Next to writing their own operating system, another dream shared by many developers is building their own text editor. Conrad Irwin, a software engineer at Zed, is doing just that. Zed is a fully extensible, open-source text editor written entirely in Rust. It's fast, lightweight, and comes with excellent language support out of the box.In the first episode of the third season, I sit down with Conrad to discuss Zed's mission to build a next-generation text editor and why it was necessary to rebuild the very foundation of text editing software from scratch to achieve their goals.
Full Episode
This is Rust in Production, a podcast about companies who use Rust to shape the future of infrastructure. My name is Matthias Endler from Corot, and today we're talking to Conrad Irvin from Zed about building a high-performance code editor in Rust. Conrad, thanks for being here. Can you quickly introduce yourself and Zed, the company you work for?
Yep. I'm Conrad. I work at Zed, which is trying to build the next generation of text editor. Coding at the speed of thought is our motto. Prior to Zed, I built Superhuman, which is also focused on speed, building the fastest email client in the world. So I really like building tools that make people get what they need to get done faster and easier. And that's how I found myself working on Zed.
It's pretty amazing. I have to say, I'm a set user myself. I completely switched from VS Code. And I can tell you the experience so far is fantastic. You did a great job. And this is also why I wanted to talk to you folks. First off, in your words... What's wrong with the existing editors? What are some pain points? Why do we need another editor?
I guess you hear that a lot, but I want to hear the answer from you. Makes sense.
I think there's kind of two approaches to think about. One of which is, as you look at the world today, everything is collaborative by default. People are designing in Figma, docs are in Google Docs, and then programmers are still stuck, kind of each person editing their own file and then git commit, git push. Oh no, what happened to my git commits?

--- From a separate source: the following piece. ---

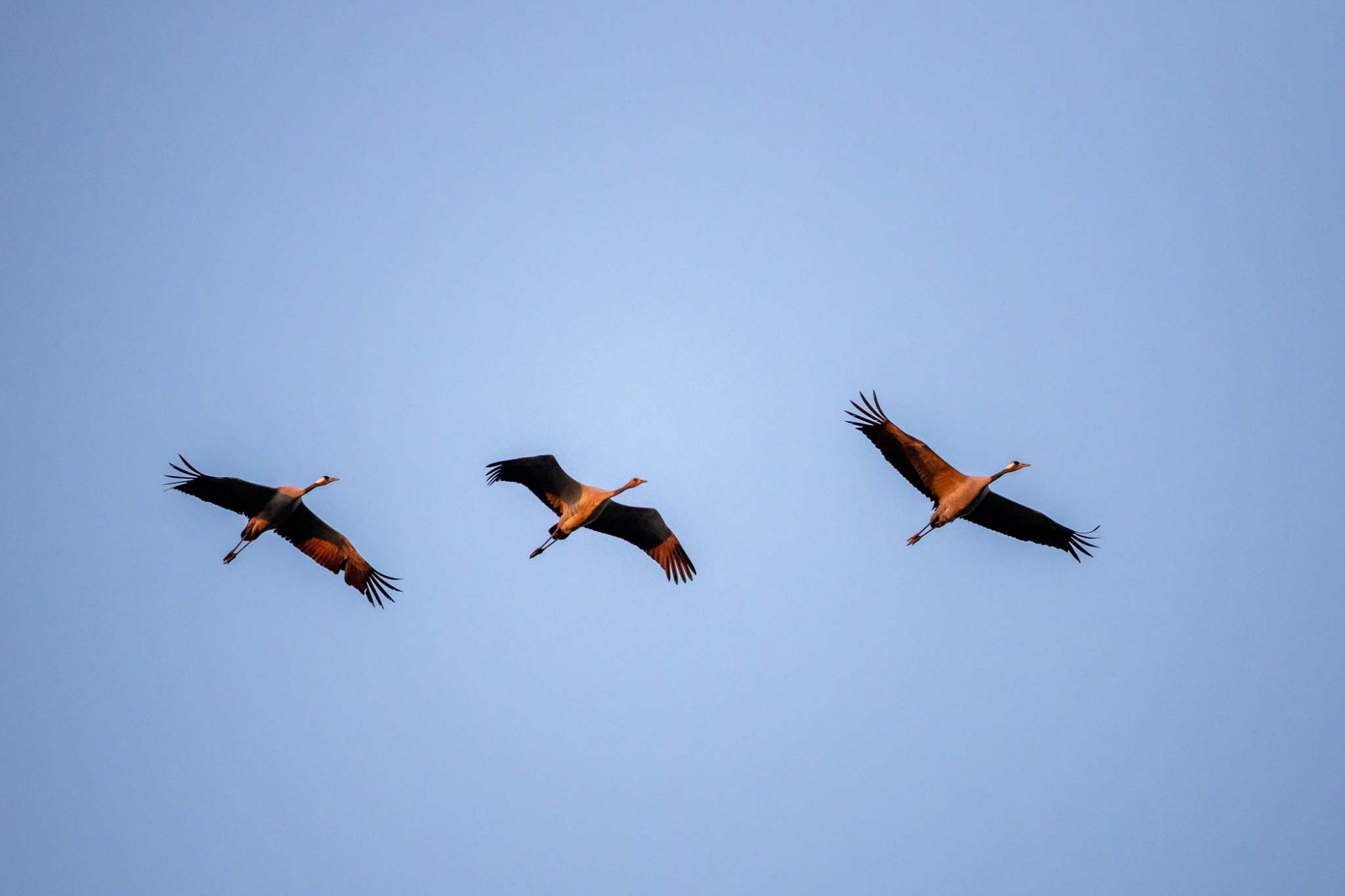 Commercial Bird Viewing And Bird Watching Wheel Rental preview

It seems ludicrous that we don't have real-time collaboration for code. And so that was one of the key kind of design things is how do we build real-time collaboration incorrectly? But we knew that if we wanted to persuade people that they wanted to use that, it also needed to be better than what's out there.

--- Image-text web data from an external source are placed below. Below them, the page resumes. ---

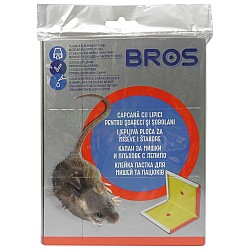BROS - soareci si sobolani capcana adeziva, aroma de nuci - NOU!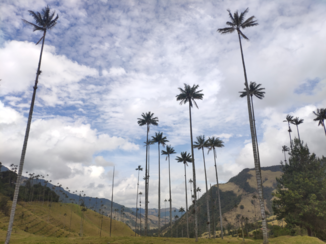 Colombia - Wax palm treas
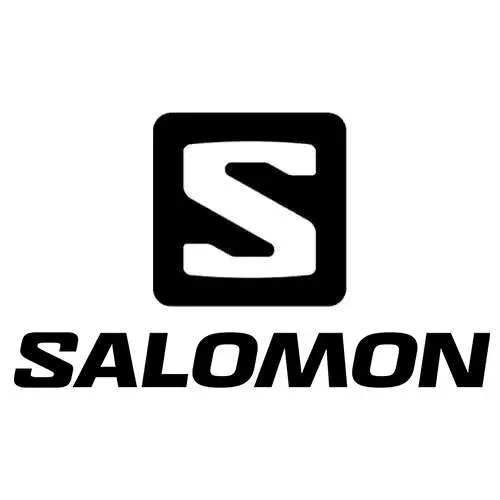 Solomon Logo.webp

And if you compare it to something like a VS Code, you can take the browser emulator and the extensions APIs and all of that stuff that makes VS Code kind of slow and clunky and rebuild it natively in Rust and using an actual fast GPU native rendering. So taking more of kind of like the React approach and like a game would be built.

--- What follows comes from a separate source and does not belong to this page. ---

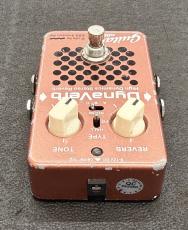 EBS DynaVerb Guitar edition_4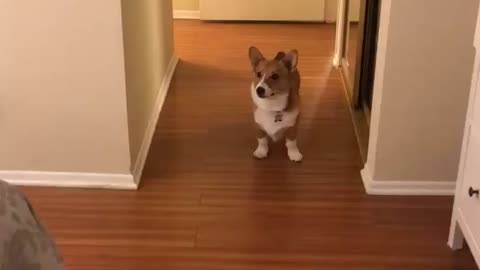 Corgi don’t want any of this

On the other side, you have things like Vim, which are fast and people love them for the speed and the ease, but they don't work with any of the modern tools. So you spend all your time configuring language servers and like breaking plugins and fixing plugins and breaking plugins.
And so we wanted to make something that had this kind of trio of collaborative, extremely fast and just works out of the box. So really helping people get their work done, like not spending time configuring your editor, if that makes sense.